Discussions in the focus groups were recorded and afterwards transcribed verbatim. Codes were developed based on the concepts of content analysis (Freiesleben et al., (2021);Jarvis & Baloyi, (2020). and applied to the transcripts. While most of the categories used in the analysis were obtained inductively (from the data and the researcher's prior knowledge), there were a few that were derived deductively (from the researcher's own hypotheses and the existing literature). One possible criticism of our approach is that it is not fully inductive, especially when compared to methods like grounded theory (Hardesty et al., 2022 ; Rieger, 2019). In our opinion, however, it is quite unlikely that a researcher will be able to avoid being influenced by the ideas presented in the scholarly works in their subject. Following this section is the climactic narrative, which is based on both inductive and deductive reasoning. We draw out the most important findings in conceptual diagrams for easy reference. We compare and contrast our findings with those found in the literature and use focus group quotes to emphasize our primary points.
The primary objective of this study is to bridge the digital skills divide between TU's mechanical engineering graduates and Ghana's engineering industry using disruptive technologies. To accomplish this goal, the researchers utilised triangulation by combining quantitative and qualitative research methodologies.

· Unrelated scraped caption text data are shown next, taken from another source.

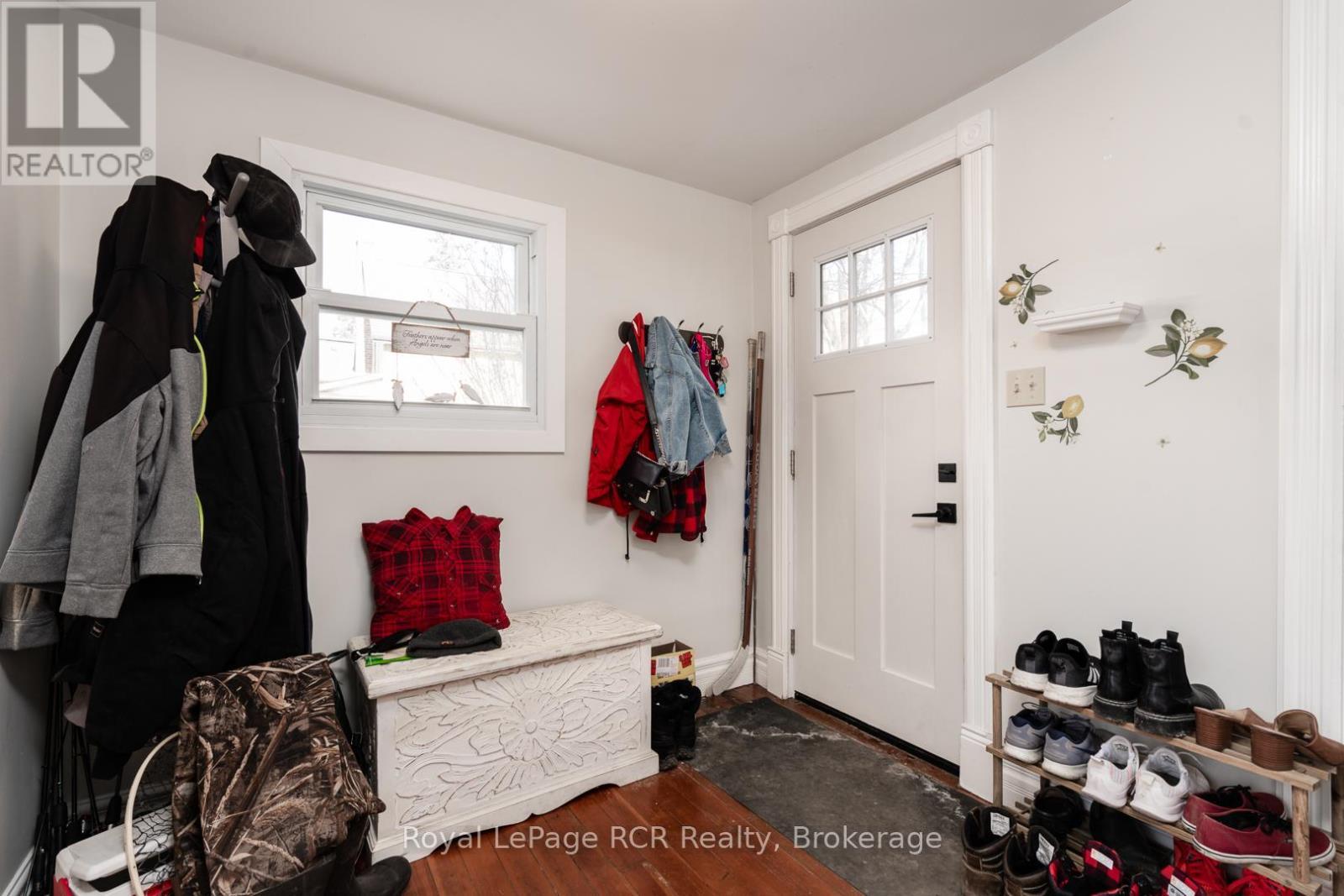 












134 9TH STREET

,
Hanover,




Ontario
N4N1K6

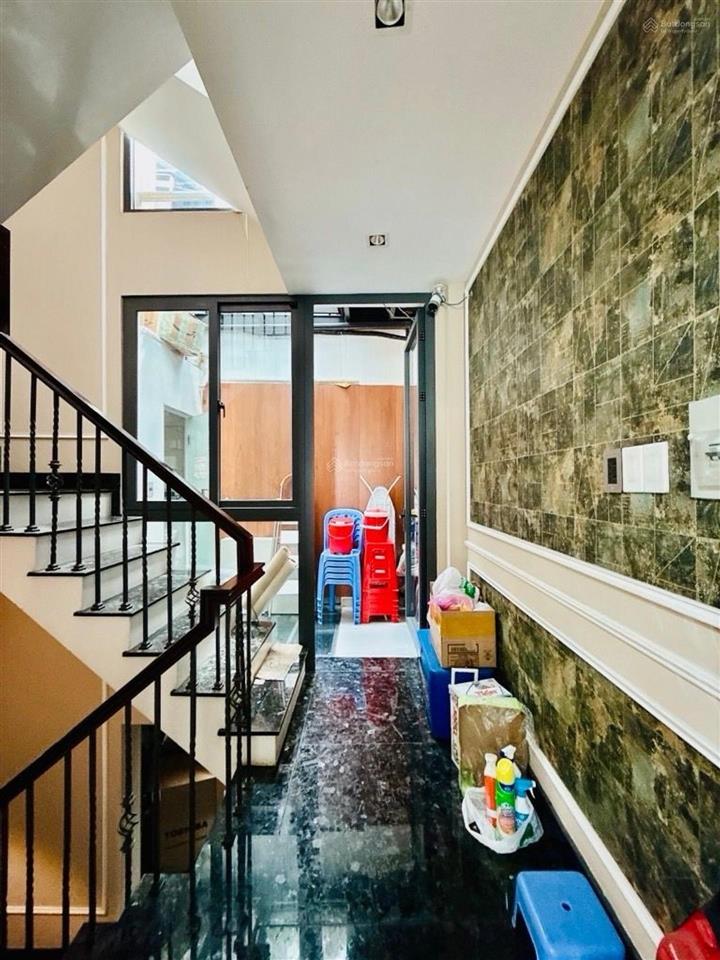 Quận 4  tôn đản, nhà nội thất cao cấp, 62m2, 5 tầng, 8,4 tỷ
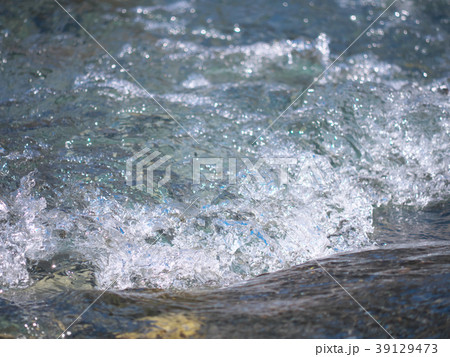 水の流れ（長良川-岐阜県郡上市美並町） 39129473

Through surveys or tests, quantitative measures were used to evaluate the digital skills of mechanical engineering graduates. This required collecting quantitative data on their proficiency levels, knowledge, and practical application of disruptive technologies like artificial intelligence, robotics, and others. A statistical analysis was performed to identify any gaps or development opportunities.

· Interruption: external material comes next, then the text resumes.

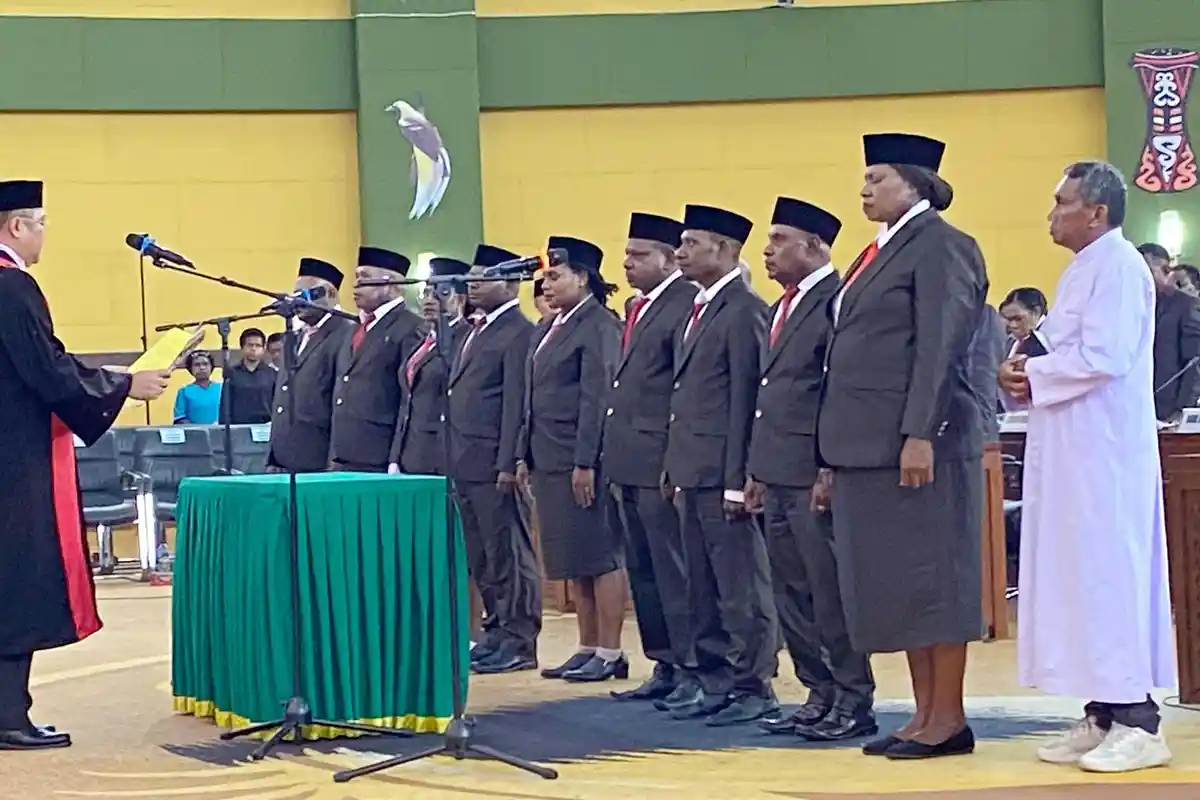 9 Anggota DPRK Mimika Papua Tengah Jalur Otsus Resmi Dilantik, Berikut Nama-namanya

Concurrently, qualitative methodologies were employed to obtain a deeper understanding of the graduates' digital skills-related experiences, perspectives, and challenges. Rich qualitative data were collected through in-depth interviews, focus groups, and open-ended questionnaires. This qualitative investigation explored graduates' perceptions of the digital skills divide, their training experiences, and their preparedness to implement disruptive technologies in the engineering industry.

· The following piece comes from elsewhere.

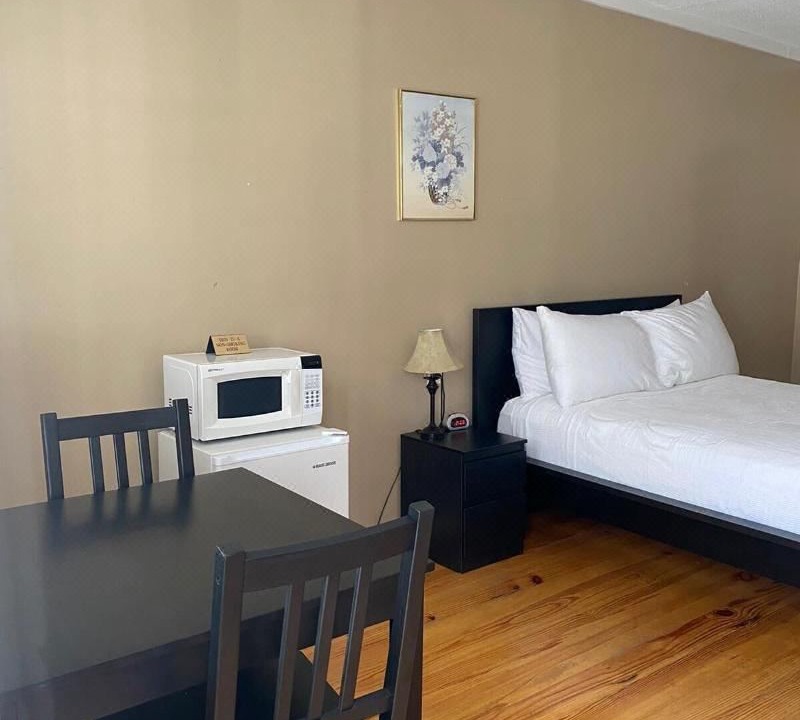 Photo of Bedroom in Roscoe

The purpose of this study was to provide a comprehensive assessment of the digital skills divide and its implications for mechanical engineering graduates in Ghana by combining quantitative and qualitative findings. The researchers sought a nuanced understanding of the challenge’s graduates encounter and the potential solutions required to bridge the divide by combining quantitative data with personal experiences and perspectives. The triangulation method improved the validity, reliability, and overall robustness of the study's findings, thereby contributing to a more insightful and influential analysis of the digital skills divide and its implications for the industry.